In het derde kwartaal van 2019 zijn de cao-lonen met 2,6 procent gestegen. Dit is de grootste loonstijging in tien jaar. In het tweede kwartaal van 2009 bedroeg de stijging 3,0 procent. Dit meldt het CBS op grond van nieuwe cijfers.
Hoe de ontwikkeling van de cao-lonen in het derde kwartaal zich verhoudt tot de stijging van de consumentenprijzen is nog niet bekend. In de eerste twee kwartalen van 2019 lag de stijging van de consumentenprijzen hoger dan die van de cao-lonen. De ontwikkeling van de consumentenprijzen in het derde kwartaal wordt dinsdag 8 oktober bekend. In de eerste twee maanden van dat kwartaal was de stijging van de consumentenprijzen gemiddeld 2,7 procent.

Kleinste loonstijging bij de gesubsidieerde instellingen

De lonen stegen in het derde kwartaal het minst in de sector gesubsidieerde instellingen, namelijk met 2,1 procent.
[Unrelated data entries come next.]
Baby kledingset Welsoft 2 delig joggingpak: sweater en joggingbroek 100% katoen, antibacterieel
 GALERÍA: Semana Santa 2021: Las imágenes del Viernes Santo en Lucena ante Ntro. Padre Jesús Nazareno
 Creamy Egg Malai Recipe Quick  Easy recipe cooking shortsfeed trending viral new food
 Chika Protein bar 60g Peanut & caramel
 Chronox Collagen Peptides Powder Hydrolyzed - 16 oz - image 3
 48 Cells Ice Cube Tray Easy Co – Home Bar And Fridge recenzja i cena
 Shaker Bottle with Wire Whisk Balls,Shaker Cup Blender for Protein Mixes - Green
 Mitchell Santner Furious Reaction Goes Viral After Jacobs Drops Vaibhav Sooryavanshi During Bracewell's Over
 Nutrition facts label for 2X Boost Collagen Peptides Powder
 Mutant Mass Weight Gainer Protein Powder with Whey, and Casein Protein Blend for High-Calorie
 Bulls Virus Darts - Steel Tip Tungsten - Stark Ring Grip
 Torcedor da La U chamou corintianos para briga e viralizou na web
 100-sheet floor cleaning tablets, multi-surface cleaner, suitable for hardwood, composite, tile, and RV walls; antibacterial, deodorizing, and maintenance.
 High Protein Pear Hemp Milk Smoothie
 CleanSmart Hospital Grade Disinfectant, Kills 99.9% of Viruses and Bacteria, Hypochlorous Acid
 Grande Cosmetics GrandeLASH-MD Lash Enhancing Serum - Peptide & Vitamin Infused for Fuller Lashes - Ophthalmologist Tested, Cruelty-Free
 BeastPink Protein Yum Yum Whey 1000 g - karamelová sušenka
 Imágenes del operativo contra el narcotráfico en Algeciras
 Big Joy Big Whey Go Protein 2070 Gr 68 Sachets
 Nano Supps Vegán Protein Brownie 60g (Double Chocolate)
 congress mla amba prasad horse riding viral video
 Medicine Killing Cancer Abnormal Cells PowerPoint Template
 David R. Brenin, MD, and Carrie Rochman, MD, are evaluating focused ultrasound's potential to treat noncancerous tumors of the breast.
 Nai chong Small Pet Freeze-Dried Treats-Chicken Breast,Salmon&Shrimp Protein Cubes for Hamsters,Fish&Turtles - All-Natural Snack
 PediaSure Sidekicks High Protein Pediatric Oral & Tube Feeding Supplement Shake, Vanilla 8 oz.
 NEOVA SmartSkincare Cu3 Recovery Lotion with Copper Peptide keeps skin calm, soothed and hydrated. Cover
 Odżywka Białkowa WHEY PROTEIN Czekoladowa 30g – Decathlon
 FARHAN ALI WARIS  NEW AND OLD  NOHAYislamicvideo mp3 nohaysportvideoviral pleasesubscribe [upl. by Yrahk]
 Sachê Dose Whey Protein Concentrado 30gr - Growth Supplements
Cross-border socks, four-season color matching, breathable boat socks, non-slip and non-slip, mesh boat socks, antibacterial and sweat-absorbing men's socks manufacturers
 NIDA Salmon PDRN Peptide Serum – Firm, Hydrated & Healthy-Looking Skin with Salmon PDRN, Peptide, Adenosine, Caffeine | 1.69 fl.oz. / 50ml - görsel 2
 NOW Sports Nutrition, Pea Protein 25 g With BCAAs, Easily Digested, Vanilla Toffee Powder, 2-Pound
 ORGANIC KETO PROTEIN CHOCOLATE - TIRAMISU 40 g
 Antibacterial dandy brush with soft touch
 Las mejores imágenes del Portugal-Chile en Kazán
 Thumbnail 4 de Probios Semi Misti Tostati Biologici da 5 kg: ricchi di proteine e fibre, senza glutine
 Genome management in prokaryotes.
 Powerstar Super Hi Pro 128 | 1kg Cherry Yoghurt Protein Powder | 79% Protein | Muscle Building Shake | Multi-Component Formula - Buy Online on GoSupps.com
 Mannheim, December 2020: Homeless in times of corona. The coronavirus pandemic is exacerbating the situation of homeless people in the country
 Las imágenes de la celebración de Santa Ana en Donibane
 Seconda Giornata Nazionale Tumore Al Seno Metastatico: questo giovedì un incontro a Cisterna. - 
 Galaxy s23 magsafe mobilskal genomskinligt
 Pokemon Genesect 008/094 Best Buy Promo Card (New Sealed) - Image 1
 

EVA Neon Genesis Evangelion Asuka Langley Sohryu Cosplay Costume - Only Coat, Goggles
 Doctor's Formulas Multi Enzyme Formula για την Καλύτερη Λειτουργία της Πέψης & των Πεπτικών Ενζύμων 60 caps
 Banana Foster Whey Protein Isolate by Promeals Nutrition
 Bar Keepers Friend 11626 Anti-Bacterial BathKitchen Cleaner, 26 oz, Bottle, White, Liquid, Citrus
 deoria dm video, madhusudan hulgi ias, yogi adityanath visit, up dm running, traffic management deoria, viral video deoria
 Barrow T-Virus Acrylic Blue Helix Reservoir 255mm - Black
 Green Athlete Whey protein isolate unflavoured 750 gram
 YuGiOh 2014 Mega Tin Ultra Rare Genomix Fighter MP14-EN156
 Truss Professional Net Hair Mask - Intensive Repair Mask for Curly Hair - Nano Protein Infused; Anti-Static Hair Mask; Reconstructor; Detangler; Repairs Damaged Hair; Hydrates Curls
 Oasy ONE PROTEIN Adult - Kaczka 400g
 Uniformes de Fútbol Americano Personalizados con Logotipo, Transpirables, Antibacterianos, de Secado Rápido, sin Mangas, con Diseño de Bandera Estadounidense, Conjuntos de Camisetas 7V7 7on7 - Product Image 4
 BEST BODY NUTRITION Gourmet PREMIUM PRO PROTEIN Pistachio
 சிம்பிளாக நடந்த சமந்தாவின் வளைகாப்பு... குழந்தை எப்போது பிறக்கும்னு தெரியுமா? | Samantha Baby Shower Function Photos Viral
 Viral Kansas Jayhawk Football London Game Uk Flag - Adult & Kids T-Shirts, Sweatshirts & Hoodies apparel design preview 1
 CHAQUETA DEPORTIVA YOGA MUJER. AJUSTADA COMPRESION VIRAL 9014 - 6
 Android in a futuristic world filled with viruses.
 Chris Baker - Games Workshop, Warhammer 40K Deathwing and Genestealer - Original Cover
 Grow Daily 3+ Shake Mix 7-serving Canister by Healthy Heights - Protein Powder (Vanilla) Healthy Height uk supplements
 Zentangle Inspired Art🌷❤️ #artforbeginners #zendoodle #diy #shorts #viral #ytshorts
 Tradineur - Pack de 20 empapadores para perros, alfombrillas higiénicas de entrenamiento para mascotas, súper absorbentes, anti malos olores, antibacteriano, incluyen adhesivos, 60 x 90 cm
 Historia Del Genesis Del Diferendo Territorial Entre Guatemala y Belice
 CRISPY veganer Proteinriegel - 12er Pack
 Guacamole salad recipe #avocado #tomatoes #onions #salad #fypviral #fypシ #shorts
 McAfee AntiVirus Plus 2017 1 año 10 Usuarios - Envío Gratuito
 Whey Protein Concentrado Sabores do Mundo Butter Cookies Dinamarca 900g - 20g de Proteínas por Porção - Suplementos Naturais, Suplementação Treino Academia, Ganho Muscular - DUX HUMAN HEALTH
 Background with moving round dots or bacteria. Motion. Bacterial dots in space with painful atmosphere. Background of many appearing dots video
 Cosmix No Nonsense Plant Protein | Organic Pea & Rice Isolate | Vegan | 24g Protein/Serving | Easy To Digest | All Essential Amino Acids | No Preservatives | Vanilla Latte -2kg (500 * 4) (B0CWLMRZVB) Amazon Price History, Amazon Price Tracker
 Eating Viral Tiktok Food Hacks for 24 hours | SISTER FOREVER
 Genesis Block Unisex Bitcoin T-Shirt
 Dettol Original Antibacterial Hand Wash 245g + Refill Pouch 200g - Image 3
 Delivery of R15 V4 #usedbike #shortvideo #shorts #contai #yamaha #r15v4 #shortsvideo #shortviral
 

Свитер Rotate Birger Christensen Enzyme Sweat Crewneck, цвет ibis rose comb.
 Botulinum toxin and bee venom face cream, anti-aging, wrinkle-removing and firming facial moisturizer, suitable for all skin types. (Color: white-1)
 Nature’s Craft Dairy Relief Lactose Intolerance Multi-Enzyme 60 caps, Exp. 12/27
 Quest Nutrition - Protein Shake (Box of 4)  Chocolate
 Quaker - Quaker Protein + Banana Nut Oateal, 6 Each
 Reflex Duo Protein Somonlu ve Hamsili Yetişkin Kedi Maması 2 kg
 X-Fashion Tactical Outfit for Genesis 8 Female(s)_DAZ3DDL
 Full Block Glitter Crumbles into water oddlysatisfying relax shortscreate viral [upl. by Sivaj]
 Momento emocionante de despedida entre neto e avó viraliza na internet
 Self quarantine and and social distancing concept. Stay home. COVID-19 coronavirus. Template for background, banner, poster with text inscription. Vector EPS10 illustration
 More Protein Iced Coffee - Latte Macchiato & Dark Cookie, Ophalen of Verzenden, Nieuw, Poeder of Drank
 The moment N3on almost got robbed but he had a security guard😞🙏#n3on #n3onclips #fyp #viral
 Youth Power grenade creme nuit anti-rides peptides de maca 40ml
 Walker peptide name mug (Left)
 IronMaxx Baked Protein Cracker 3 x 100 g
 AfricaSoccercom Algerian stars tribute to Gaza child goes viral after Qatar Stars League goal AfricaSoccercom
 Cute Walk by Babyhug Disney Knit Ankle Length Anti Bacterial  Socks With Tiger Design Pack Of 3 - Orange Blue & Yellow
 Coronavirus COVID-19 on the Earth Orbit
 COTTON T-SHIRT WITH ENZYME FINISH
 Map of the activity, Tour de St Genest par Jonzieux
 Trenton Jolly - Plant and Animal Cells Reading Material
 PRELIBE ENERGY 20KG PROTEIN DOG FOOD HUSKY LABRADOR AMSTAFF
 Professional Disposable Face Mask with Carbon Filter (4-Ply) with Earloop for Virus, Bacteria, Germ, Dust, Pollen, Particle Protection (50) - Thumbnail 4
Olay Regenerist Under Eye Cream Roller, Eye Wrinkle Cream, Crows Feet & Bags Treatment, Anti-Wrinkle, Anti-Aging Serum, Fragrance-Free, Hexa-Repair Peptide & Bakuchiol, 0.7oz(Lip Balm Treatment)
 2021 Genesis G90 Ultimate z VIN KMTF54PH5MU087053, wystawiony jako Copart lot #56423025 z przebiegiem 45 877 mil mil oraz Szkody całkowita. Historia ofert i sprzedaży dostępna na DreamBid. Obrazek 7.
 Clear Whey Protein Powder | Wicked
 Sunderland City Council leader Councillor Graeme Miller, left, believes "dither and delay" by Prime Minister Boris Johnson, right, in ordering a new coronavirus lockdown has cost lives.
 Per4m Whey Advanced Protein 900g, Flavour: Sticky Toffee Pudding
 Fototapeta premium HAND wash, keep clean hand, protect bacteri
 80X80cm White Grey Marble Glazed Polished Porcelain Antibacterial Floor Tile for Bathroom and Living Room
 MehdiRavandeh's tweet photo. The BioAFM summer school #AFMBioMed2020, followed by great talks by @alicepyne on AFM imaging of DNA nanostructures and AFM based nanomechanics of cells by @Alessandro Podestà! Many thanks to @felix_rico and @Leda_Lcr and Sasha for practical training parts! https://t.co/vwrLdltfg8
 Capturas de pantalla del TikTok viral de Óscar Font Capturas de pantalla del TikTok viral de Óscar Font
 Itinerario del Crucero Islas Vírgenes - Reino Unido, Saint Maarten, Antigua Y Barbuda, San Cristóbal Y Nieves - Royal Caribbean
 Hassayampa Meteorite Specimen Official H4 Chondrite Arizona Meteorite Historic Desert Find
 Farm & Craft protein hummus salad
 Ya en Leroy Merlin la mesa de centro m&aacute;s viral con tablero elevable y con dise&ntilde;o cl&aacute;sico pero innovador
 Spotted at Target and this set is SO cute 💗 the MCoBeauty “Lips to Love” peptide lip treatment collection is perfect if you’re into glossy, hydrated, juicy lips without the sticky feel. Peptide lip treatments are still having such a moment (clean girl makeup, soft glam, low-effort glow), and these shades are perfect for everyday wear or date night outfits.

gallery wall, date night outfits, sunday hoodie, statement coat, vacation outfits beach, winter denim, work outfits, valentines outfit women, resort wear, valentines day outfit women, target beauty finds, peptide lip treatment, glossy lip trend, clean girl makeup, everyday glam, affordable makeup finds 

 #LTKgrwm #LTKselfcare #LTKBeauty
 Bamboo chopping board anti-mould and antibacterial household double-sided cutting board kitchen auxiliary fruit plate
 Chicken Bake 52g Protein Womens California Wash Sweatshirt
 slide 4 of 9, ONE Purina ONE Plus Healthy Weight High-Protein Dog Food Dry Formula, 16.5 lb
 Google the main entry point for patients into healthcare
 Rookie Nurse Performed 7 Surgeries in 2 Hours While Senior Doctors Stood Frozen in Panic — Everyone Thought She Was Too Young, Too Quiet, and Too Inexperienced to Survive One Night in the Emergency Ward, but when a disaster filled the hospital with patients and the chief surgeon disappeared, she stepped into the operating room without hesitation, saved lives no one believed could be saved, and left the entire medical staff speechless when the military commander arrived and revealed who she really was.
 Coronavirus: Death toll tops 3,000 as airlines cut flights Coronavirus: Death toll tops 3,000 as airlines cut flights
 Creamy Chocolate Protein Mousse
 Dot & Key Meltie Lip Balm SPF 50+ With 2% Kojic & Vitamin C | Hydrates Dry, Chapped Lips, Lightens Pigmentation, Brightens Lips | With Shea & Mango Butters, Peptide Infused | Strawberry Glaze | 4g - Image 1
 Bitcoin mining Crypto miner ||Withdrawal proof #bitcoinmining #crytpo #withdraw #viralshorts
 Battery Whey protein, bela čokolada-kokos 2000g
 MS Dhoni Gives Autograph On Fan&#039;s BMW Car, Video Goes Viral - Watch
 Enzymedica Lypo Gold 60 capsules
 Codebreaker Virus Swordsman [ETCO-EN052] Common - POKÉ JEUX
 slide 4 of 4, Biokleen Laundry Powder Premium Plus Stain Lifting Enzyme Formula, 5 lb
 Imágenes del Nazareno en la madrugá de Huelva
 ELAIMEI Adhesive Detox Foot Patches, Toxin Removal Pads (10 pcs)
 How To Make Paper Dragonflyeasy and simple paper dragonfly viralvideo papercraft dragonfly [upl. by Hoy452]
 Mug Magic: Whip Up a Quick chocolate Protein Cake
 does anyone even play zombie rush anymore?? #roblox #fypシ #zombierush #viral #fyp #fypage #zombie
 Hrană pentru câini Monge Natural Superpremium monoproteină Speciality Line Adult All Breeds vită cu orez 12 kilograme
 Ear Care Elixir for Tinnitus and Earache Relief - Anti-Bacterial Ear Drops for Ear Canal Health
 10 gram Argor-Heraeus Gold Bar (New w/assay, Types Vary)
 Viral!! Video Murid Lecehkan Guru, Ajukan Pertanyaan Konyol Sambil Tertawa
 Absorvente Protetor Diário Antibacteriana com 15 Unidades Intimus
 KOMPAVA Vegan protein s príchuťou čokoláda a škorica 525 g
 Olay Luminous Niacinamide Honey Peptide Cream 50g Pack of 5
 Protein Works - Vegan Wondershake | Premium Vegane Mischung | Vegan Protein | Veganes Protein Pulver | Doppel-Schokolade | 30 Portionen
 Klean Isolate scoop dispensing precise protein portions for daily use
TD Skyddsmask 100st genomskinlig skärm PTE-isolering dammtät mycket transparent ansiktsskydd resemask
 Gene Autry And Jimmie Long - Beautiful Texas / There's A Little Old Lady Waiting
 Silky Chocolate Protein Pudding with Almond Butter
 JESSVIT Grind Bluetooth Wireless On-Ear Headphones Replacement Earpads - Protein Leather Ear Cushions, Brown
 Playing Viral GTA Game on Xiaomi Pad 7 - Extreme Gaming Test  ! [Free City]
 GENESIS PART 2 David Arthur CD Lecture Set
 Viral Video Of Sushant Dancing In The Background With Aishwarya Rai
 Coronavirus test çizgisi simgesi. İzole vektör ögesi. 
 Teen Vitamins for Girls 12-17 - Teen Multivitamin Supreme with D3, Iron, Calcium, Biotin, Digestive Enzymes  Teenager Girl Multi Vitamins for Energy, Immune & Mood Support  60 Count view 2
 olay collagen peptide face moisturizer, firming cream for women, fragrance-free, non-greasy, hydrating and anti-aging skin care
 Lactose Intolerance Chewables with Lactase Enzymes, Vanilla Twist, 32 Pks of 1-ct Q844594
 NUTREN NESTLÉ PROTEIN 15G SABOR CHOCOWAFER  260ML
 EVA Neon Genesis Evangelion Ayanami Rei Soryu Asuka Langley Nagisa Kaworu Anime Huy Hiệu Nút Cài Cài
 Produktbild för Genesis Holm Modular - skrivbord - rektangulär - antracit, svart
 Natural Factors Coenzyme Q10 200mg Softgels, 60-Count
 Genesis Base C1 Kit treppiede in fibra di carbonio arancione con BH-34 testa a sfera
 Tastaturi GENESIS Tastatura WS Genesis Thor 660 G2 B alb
In de sectoren particuliere bedrijven en overheid namen de lonen toe met 2,7 procent.

In de sector gesubsidieerde instellingen is voor het merendeel van de cao’s over heel 2019 (waaronder de cao’s ziekenhuizen, verpleeg- en verzorgingshuizen, thuiszorg en jeugdgezondheidszorg (VVT) en gehandicaptenzorg) nog geen definitief akkoord gesloten. In het derde kwartaal staat in deze sector het percentage afgesloten cao’s op 41 procent.

In het derde kwartaal van 2018 was de stijging van de cao-lonen in deze sector ook het laagst van de drie sectoren en ook over het hele vorige jaar bleef de ontwikkeling achter bij de overige twee sectoren.

Grootste stijging in de bouwnijverheid

Op het niveau van bedrijfstakken zijn de lonen in het derde kwartaal het meest toegenomen in de bouwnijverheid (4,0 procent). Dit komt voornamelijk door de loonontwikkeling in de cao bouw. In de energievoorziening stijgen de lonen het minst (1,4 procent).

Bron : CBS

De uitkomsten in dit artikel hebben betrekking op cao-lonen per uur inclusief bijzondere beloningen, tenzij anders staat vermeld. De uitkomsten over 2019 zijn voorlopig.

Het voorlopige cijfer over het derde kwartaal van 2019 is gebaseerd op 72 procent van de cao’s waaruit de statistiek is opgebouwd.